The Legler Benbough Foundation, which has been supporting the park since 1985, faces that dilemma annually. Without a managing organization through which it can donate, the foundation has been spreading out $500,000-$750,000 each year among various institutions. Peter Ellsworth said he is eager to see a conservancy that will support the park’s work as a whole.
“We pointed out these problems [in the foundation-funded reports] in hopes of getting some kind of a mechanism [for fundraising],” he said. “This structure provides a potential framework for getting done what we need to get done.”
While private fundraising was a focus of the successive reports, the December 2008 report suggested a potential source of revenue could be county property taxes, citing 45 percent of park visitors are county residents.
Supervisor Ron Roberts, whose District 4 includes the park, said while he is open to hearing ideas for the county’s assistance in the park’s 2015 centennial celebration, he is not willing to pursue additional county funds for the park beyond what the county already provides.
“As a member of the San Diego City Council I voted to raise the hotel tax with an understanding that a half-cent of that money would go to maintain and improve Balboa Park,” he said. “Subsequent councils chose not to honor that agreement. Today, the county is providing general fund grants to Balboa Park’s museums, zoo and for other improvements. It also is important to note that the county and many of the other 17 cities have regional parks that draw visitors from the city of San Diego.”
Perhaps no one in San Diego understands Balboa Park’s woes better than Stacey LoMedico, director of the city’s park and recreation department since 2007. A 16-year veteran of the department – the second-largest system in the country with more than 350 properties – she said the reason most Balboa Park visitors don’t recognize its deficiencies is because park workers are so good at hiding them.
“We have a lot of dedicated city employees who really work to make the park appear beautiful with very limited resources,” she said, pointing out that she disagreed with the December 2008 report’s assertion that the city hasn’t made the park a priority. “I think Balboa Park right now as it exists in terms of management and operations is the best we have the ability to do. The city has continued to fund its general fund obligations [to the park]. It just hasn’t had the money to put in to deferred maintenance, and if you don’t fund maintenance the list keeps growing. It’s a catch-up game that you can’t catch up.”
Some of the items the park needs, she said, include new building roofs, better lot paving and air conditioning systems in older buildings.

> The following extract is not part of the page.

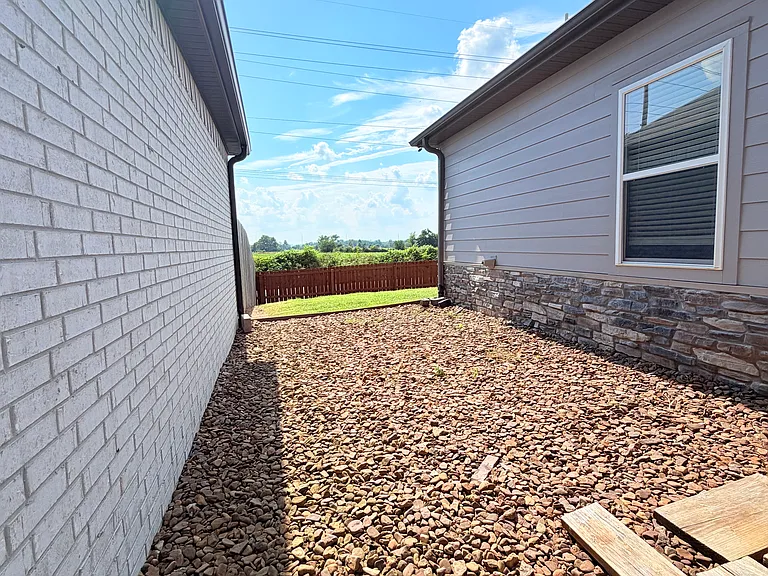2310 SW Poppy St — Photo 22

A dedicated park director – something she said has never existed to her knowledge – is not in the budget.
“There’s only so much you can do in terms of balancing the park system with the limited amount of money you have,” she said.

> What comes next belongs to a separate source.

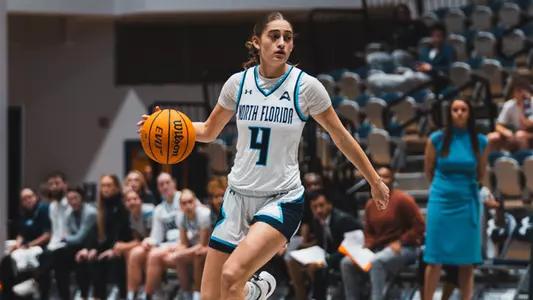 Sarah Taub dribbling at midcourt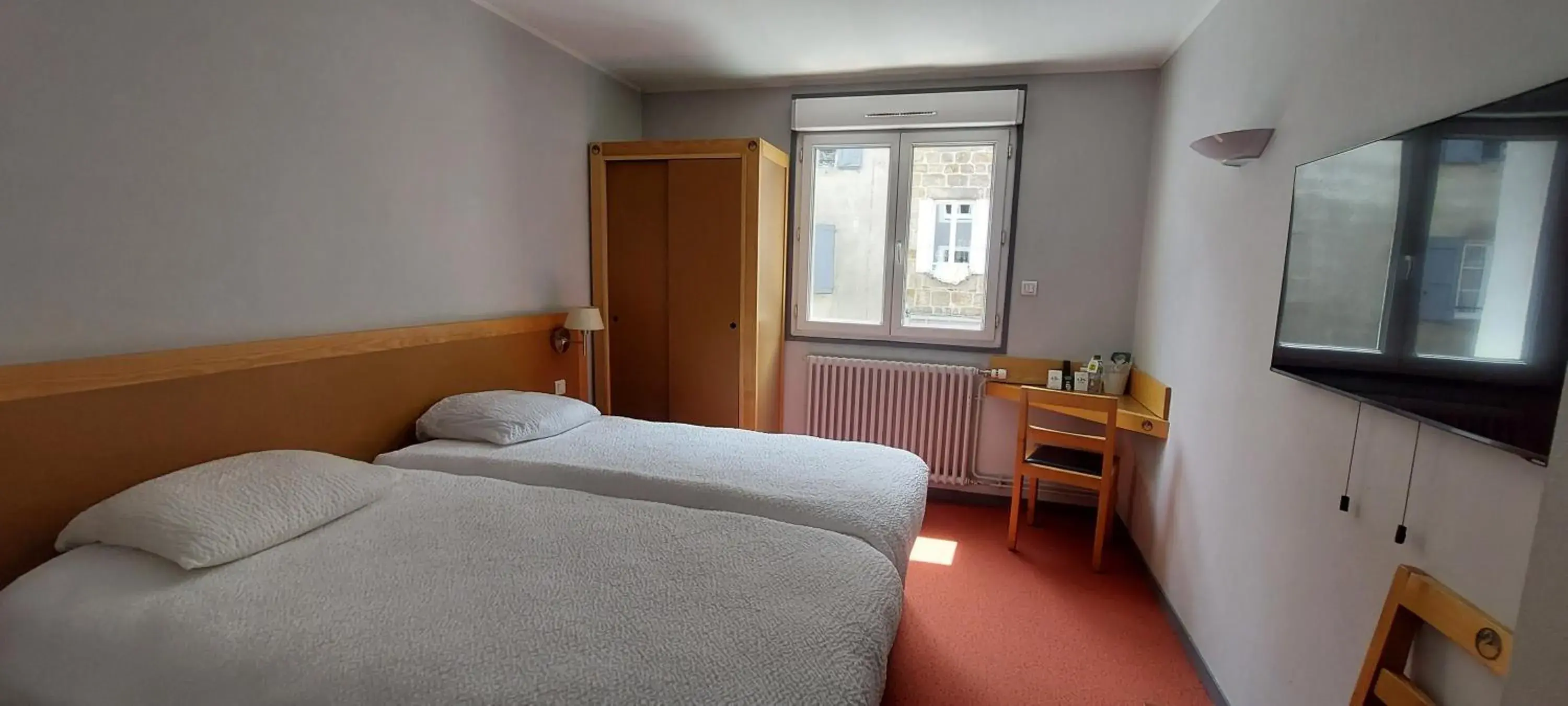 Comfort Quadruple Room in Logis Hotel Restaurant Le Cygne Comfort Quadruple Room in Logis Hotel Restaurant Le Cygne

LoMedico admitted she was initially uncertain about the Balboa Park Task Force’s recommendations but as the group developed the conservancy argument she became convinced it is the best way to secure the park’s future.
“We’re just stewards of the park. It’s not our park. We just have to implement the policies and procedures but that’s based on what the citizen wants to see,” she said.

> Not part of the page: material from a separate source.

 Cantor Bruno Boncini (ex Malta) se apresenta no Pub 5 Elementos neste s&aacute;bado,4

The task force’s report likely will be on the City Council’s Rules Committee agenda for May, Granowitz said. She said a preliminary organizing committee will convert to a conservancy board of directors once its 501c3 status is granted, and she hoped the City Council would approve a Memo of Understanding between the city and the 501c3 within three to six months.
“This [conservancy] will give the public a voice they’ve never had,” she said.